> _About this task_: Transcribe the records below exactly as written, from the opening line through the line that contains "Vue depuis la mosquée Hazrat Khizr".

= = = = =

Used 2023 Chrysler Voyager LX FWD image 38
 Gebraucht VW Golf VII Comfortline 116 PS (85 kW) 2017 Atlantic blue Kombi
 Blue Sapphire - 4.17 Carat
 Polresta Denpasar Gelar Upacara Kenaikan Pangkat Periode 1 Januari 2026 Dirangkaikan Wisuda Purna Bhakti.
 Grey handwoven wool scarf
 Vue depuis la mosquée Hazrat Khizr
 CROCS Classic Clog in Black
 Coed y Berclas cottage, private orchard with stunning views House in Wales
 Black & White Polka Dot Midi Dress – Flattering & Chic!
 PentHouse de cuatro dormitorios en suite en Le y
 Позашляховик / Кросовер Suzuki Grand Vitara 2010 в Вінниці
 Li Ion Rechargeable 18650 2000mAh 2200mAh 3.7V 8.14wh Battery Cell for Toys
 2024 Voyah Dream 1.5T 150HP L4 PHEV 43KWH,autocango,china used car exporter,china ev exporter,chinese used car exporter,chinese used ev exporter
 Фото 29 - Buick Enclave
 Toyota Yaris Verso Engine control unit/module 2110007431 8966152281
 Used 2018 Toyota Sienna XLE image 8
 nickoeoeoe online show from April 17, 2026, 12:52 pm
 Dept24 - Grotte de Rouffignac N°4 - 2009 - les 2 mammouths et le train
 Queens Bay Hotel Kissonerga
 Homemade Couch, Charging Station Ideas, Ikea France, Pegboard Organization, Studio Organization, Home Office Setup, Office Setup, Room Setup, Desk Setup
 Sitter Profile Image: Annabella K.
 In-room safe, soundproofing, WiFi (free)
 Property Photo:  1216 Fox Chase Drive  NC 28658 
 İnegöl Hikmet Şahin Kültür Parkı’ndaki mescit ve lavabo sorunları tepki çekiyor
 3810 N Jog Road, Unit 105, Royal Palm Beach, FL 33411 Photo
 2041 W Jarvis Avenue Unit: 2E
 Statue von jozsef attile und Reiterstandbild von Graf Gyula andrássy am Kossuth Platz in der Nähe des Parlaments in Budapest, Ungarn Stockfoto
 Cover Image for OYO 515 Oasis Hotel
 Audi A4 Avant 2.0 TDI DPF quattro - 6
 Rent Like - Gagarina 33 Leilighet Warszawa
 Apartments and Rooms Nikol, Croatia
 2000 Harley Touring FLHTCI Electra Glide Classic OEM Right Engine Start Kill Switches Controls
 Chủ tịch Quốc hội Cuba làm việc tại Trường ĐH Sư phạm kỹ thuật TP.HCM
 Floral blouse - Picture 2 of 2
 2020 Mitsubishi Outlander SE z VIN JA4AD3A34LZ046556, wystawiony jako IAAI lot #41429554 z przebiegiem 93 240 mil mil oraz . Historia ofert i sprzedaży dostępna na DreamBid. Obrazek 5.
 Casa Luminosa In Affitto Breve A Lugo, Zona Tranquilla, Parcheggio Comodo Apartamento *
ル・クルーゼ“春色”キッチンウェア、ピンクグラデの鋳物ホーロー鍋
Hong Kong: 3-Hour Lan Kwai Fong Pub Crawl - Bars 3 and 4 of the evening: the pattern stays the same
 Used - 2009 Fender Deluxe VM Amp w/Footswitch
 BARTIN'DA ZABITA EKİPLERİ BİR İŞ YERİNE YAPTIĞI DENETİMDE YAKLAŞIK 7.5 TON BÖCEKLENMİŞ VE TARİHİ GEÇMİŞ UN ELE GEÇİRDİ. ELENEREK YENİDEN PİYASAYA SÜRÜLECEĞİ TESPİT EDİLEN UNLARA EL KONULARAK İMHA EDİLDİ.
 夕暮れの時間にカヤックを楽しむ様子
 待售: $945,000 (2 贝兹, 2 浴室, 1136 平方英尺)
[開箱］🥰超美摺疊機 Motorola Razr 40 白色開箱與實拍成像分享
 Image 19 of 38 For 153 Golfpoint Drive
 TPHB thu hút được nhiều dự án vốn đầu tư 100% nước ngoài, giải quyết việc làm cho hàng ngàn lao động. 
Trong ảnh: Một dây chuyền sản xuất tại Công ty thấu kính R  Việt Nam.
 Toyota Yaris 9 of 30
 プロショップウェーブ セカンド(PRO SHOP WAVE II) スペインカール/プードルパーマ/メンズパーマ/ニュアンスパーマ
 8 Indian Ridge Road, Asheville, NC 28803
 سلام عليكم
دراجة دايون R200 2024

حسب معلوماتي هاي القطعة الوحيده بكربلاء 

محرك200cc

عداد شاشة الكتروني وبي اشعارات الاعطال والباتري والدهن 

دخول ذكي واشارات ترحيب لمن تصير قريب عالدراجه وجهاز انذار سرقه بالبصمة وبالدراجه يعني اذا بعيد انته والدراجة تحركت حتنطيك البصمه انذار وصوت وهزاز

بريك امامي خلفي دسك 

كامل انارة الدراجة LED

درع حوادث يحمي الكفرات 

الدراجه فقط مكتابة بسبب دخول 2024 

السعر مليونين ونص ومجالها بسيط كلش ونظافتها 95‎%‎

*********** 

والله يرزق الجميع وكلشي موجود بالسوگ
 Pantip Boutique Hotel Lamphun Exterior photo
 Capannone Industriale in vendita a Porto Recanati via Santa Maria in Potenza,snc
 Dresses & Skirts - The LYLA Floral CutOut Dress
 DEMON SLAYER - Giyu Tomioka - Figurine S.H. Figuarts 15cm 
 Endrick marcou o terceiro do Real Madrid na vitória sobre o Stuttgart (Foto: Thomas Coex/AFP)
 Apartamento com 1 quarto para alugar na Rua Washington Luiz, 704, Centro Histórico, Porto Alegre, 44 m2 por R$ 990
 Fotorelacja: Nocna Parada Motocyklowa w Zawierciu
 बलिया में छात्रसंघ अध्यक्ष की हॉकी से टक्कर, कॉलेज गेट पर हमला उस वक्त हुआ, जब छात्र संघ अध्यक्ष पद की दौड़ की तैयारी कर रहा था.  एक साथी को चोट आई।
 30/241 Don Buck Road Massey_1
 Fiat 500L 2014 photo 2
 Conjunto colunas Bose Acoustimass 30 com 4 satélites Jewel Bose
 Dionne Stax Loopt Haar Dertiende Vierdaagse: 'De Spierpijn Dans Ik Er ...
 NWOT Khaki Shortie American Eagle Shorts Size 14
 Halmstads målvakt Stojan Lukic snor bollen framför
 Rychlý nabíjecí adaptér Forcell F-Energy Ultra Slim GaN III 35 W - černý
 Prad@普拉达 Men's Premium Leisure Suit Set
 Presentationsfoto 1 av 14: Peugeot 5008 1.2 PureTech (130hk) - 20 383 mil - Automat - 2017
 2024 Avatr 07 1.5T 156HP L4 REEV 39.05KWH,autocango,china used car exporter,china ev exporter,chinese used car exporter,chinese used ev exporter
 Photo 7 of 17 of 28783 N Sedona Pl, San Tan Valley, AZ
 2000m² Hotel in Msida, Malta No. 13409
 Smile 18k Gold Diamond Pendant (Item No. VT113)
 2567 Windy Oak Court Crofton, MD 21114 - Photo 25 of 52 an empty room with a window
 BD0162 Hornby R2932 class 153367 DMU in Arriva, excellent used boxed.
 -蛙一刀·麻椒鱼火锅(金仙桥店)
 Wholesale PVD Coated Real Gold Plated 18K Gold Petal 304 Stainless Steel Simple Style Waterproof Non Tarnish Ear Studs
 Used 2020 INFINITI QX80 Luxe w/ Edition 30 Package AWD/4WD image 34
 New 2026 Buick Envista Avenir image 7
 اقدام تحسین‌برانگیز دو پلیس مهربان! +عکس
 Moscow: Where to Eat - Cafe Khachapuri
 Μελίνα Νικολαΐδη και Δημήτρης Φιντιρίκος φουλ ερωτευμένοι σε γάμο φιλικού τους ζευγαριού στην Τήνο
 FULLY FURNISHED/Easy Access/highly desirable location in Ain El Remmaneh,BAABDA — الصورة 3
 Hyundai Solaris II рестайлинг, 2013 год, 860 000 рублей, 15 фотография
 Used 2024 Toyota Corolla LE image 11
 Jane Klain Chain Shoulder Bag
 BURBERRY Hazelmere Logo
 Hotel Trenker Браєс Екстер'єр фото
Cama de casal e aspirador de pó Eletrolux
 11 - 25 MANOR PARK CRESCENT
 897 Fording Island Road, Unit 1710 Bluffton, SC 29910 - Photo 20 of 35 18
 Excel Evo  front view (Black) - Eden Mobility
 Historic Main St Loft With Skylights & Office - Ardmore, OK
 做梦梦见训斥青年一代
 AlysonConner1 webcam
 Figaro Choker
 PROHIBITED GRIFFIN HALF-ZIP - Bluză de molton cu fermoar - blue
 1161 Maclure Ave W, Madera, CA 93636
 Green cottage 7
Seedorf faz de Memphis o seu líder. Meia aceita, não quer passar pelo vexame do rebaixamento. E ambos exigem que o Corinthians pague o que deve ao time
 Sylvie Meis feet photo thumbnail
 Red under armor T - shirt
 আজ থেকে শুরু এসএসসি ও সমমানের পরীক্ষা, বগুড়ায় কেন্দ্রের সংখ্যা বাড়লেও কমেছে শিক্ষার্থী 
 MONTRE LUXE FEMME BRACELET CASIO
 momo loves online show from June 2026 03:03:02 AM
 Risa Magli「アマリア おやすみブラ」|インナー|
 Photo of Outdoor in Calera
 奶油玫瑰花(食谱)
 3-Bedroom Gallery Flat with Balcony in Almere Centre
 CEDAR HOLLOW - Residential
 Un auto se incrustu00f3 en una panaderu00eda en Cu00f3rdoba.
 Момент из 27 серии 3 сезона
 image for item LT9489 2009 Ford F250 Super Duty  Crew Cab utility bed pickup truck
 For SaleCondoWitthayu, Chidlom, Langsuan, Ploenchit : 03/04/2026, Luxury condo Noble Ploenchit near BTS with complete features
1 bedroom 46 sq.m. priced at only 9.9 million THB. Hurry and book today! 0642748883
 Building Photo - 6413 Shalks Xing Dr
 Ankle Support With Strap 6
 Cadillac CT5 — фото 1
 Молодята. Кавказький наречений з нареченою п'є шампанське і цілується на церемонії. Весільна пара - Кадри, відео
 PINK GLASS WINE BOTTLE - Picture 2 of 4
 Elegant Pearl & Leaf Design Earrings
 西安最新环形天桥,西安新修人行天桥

= = = = =

> _Output for this task_:
Used 2023 Chrysler Voyager LX FWD image 38
 Gebraucht VW Golf VII Comfortline 116 PS (85 kW) 2017 Atlantic blue Kombi
 Blue Sapphire - 4.17 Carat
 Polresta Denpasar Gelar Upacara Kenaikan Pangkat Periode 1 Januari 2026 Dirangkaikan Wisuda Purna Bhakti.
 Grey handwoven wool scarf
 Vue depuis la mosquée Hazrat Khizr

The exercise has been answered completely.